PROBLEM REQUIREMENTS:
The data below holds a line containing "Clarks, Loafers, Größe: 40, Schwarz, Herren" and a line containing "Huyết Nguyệt Chapter 7 Trang 14"; please quote exactly those two lines and every line between them, and nothing else.

MATERIAL PROVIDED:
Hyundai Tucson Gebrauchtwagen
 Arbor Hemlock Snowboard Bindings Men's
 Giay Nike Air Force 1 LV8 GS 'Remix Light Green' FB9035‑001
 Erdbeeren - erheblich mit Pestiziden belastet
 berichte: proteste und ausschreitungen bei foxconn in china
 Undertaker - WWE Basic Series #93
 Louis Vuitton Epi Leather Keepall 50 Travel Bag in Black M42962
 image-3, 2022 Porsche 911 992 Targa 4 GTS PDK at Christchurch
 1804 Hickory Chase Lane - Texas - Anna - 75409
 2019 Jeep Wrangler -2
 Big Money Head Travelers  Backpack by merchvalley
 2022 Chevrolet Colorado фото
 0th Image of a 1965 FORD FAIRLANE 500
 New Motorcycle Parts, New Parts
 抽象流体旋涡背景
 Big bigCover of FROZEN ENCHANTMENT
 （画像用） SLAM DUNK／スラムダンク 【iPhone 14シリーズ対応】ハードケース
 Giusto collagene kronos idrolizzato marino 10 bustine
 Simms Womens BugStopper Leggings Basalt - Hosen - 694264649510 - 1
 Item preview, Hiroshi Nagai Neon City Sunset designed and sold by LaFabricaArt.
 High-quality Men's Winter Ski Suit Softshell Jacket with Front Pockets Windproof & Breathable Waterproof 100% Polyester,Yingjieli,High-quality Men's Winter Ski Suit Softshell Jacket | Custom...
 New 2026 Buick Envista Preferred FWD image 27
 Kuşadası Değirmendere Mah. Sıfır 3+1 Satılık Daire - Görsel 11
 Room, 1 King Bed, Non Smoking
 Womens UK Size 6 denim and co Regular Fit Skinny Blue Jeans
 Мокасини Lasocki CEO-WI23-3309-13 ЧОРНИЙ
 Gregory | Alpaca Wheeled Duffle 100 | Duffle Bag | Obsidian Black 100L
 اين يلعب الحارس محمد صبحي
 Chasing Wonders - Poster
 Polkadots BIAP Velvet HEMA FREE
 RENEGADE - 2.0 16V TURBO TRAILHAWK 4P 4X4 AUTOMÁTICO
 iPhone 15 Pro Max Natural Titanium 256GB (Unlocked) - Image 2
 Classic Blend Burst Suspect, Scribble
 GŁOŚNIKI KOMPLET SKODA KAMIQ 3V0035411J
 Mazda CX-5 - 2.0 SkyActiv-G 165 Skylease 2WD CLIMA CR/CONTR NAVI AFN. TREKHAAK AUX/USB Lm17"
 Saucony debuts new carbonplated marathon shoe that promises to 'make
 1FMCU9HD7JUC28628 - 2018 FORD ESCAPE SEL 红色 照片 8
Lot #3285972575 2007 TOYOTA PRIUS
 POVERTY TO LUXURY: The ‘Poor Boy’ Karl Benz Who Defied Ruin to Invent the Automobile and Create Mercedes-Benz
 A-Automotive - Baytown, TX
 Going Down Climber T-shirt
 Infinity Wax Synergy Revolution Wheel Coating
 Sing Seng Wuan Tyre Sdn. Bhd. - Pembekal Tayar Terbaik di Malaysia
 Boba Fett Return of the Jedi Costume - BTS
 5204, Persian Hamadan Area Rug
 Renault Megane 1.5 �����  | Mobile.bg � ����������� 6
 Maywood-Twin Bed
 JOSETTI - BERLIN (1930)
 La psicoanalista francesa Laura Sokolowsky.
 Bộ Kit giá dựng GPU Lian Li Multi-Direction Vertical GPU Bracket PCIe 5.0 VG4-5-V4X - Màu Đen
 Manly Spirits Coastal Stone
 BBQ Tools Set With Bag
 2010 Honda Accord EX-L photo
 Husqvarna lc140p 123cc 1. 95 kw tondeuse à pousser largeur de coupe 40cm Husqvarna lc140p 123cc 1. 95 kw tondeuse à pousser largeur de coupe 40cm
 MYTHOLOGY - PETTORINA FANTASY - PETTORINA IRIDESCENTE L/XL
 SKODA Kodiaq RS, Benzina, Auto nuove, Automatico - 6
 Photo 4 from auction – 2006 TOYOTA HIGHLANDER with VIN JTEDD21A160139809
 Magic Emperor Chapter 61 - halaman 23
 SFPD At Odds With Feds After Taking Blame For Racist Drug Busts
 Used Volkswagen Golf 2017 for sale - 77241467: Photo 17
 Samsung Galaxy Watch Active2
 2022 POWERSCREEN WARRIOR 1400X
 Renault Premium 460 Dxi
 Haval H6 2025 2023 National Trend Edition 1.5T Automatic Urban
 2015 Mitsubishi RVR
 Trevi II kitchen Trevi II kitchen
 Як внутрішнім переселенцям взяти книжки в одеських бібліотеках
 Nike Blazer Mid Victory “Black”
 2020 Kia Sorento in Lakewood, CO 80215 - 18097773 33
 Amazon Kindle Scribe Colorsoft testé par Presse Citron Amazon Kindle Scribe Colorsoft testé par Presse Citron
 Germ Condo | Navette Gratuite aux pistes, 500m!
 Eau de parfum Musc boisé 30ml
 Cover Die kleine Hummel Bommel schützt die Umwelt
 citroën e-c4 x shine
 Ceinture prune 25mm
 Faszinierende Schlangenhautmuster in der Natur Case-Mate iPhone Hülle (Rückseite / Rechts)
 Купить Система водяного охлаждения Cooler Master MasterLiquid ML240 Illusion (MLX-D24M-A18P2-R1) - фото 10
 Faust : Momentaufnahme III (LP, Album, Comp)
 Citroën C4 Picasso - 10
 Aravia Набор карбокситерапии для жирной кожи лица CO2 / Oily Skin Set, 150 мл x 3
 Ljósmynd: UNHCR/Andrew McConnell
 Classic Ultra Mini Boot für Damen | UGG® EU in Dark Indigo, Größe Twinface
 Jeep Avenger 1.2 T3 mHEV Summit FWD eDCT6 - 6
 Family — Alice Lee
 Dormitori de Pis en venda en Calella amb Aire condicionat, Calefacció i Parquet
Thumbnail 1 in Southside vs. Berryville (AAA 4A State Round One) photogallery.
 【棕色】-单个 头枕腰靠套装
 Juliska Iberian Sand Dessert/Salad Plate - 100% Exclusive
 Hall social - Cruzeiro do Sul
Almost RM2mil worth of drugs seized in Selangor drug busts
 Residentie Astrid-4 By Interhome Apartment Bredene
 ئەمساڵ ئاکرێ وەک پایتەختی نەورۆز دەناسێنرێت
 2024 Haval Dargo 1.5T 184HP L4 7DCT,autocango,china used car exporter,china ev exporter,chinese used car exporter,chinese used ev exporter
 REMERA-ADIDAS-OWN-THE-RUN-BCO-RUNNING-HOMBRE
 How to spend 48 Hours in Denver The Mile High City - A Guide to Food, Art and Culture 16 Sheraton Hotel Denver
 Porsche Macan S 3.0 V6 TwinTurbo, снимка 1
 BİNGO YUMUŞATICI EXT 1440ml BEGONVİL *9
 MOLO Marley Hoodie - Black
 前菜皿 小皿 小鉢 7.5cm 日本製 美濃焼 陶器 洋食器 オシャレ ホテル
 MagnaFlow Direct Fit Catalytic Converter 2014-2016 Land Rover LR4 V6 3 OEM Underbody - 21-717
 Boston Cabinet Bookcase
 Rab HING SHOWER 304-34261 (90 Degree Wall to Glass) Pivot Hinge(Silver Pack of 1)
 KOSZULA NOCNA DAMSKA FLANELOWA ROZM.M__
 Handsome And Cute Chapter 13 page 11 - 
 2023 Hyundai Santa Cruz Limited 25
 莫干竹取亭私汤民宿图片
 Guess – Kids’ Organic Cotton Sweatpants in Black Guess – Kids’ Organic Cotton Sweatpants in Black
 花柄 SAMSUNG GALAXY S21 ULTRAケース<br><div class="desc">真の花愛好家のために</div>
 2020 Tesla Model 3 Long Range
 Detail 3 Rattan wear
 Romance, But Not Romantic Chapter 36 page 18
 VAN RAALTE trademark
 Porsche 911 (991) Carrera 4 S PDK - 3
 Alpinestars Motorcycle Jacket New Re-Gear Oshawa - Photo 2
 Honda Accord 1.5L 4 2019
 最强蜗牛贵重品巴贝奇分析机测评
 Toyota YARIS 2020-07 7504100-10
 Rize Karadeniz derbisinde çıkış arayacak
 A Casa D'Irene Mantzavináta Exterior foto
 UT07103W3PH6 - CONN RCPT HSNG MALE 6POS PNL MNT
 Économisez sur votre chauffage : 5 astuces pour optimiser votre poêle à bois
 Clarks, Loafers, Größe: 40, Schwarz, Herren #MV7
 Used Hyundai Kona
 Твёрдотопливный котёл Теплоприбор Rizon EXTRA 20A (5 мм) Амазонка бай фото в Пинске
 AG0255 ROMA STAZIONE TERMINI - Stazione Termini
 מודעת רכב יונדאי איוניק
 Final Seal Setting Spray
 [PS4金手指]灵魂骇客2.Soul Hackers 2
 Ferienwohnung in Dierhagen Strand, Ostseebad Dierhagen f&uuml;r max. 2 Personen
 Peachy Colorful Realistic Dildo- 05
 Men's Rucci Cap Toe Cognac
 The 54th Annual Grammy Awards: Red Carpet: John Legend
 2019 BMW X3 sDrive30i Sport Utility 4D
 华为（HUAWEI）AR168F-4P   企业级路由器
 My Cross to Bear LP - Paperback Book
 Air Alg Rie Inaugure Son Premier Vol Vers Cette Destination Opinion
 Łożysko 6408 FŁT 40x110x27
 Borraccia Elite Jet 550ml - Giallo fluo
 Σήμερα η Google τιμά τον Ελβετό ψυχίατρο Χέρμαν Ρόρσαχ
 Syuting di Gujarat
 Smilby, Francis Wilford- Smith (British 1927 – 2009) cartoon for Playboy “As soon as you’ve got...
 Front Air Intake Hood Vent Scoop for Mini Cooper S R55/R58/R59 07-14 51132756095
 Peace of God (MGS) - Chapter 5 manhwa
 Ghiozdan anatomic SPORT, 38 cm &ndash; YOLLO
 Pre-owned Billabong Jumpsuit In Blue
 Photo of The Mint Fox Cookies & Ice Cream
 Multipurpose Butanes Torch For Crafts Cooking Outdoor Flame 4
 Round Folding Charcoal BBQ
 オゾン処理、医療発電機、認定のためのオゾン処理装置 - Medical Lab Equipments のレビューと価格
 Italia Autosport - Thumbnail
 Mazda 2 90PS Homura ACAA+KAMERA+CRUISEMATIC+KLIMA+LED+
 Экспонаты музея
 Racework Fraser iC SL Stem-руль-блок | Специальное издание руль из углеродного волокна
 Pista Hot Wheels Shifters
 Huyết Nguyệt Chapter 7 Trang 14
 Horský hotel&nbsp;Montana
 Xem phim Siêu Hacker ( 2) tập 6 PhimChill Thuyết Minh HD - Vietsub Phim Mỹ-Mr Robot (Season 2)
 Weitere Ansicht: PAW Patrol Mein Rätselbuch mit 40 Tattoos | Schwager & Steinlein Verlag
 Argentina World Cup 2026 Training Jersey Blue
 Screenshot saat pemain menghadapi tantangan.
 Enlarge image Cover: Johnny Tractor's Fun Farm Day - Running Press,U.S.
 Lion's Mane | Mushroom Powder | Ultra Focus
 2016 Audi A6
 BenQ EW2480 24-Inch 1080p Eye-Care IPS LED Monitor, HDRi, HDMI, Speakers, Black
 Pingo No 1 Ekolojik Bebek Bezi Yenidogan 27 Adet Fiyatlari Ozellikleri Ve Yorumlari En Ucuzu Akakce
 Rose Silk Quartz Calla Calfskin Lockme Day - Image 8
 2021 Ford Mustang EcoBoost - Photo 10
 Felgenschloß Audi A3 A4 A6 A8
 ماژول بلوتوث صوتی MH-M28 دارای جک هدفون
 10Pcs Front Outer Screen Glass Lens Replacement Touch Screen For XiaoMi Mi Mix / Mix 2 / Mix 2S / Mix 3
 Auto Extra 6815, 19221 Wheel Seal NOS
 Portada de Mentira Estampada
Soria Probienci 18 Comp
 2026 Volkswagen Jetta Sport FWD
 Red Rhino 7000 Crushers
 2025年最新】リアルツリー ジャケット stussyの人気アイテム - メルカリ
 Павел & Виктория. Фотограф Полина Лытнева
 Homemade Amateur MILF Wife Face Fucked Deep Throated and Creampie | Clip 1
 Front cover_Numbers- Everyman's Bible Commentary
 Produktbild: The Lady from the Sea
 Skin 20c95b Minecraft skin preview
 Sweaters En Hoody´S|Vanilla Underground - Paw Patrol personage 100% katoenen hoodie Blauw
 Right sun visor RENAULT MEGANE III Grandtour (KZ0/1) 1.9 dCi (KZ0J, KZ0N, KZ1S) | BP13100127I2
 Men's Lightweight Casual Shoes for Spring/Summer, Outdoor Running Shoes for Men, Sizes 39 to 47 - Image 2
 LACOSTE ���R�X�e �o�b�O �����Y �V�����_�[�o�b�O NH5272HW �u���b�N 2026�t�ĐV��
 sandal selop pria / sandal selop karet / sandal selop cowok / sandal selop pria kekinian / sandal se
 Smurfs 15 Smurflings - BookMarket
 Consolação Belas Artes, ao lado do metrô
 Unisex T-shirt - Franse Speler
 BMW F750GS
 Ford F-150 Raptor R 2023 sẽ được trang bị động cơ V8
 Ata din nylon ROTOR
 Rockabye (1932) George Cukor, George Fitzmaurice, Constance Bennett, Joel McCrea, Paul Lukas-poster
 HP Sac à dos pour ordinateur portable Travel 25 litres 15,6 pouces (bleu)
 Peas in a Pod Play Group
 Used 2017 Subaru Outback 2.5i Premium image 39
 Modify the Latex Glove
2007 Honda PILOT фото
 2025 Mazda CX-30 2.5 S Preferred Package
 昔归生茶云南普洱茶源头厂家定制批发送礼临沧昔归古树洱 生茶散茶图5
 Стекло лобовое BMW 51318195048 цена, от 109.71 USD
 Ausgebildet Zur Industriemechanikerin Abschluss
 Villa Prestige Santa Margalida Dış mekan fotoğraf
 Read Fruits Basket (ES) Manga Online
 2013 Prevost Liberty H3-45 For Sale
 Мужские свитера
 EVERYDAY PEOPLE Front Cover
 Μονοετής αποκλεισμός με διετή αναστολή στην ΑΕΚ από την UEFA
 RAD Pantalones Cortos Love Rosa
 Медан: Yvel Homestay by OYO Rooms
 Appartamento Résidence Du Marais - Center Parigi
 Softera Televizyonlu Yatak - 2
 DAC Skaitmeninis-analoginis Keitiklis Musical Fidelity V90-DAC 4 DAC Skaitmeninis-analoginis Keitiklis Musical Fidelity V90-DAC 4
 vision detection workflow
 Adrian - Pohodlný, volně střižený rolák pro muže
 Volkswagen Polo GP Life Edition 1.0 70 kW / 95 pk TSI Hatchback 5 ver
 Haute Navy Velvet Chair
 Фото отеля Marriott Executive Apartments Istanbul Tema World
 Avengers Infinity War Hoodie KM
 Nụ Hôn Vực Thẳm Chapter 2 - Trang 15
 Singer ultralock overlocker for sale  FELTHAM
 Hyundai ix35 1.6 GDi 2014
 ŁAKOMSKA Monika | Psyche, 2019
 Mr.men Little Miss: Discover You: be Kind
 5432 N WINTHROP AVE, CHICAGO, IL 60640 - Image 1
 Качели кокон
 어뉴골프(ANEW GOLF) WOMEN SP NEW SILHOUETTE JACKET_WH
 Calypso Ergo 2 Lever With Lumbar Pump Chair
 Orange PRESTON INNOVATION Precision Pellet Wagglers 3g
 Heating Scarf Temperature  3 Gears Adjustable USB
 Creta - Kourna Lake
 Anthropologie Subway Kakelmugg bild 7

EXPECTED ANSWER:
 Clarks, Loafers, Größe: 40, Schwarz, Herren #MV7
 Used Hyundai Kona
 Твёрдотопливный котёл Теплоприбор Rizon EXTRA 20A (5 мм) Амазонка бай фото в Пинске
 AG0255 ROMA STAZIONE TERMINI - Stazione Termini
 מודעת רכב יונדאי איוניק
 Final Seal Setting Spray
 [PS4金手指]灵魂骇客2.Soul Hackers 2
 Ferienwohnung in Dierhagen Strand, Ostseebad Dierhagen f&uuml;r max. 2 Personen
 Peachy Colorful Realistic Dildo- 05
 Men's Rucci Cap Toe Cognac
 The 54th Annual Grammy Awards: Red Carpet: John Legend
 2019 BMW X3 sDrive30i Sport Utility 4D
 华为（HUAWEI）AR168F-4P   企业级路由器
 My Cross to Bear LP - Paperback Book
 Air Alg Rie Inaugure Son Premier Vol Vers Cette Destination Opinion
 Łożysko 6408 FŁT 40x110x27
 Borraccia Elite Jet 550ml - Giallo fluo
 Σήμερα η Google τιμά τον Ελβετό ψυχίατρο Χέρμαν Ρόρσαχ
 Syuting di Gujarat
 Smilby, Francis Wilford- Smith (British 1927 – 2009) cartoon for Playboy “As soon as you’ve got...
 Front Air Intake Hood Vent Scoop for Mini Cooper S R55/R58/R59 07-14 51132756095
 Peace of God (MGS) - Chapter 5 manhwa
 Ghiozdan anatomic SPORT, 38 cm &ndash; YOLLO
 Pre-owned Billabong Jumpsuit In Blue
 Photo of The Mint Fox Cookies & Ice Cream
 Multipurpose Butanes Torch For Crafts Cooking Outdoor Flame 4
 Round Folding Charcoal BBQ
 オゾン処理、医療発電機、認定のためのオゾン処理装置 - Medical Lab Equipments のレビューと価格
 Italia Autosport - Thumbnail
 Mazda 2 90PS Homura ACAA+KAMERA+CRUISEMATIC+KLIMA+LED+
 Экспонаты музея
 Racework Fraser iC SL Stem-руль-блок | Специальное издание руль из углеродного волокна
 Pista Hot Wheels Shifters
 Huyết Nguyệt Chapter 7 Trang 14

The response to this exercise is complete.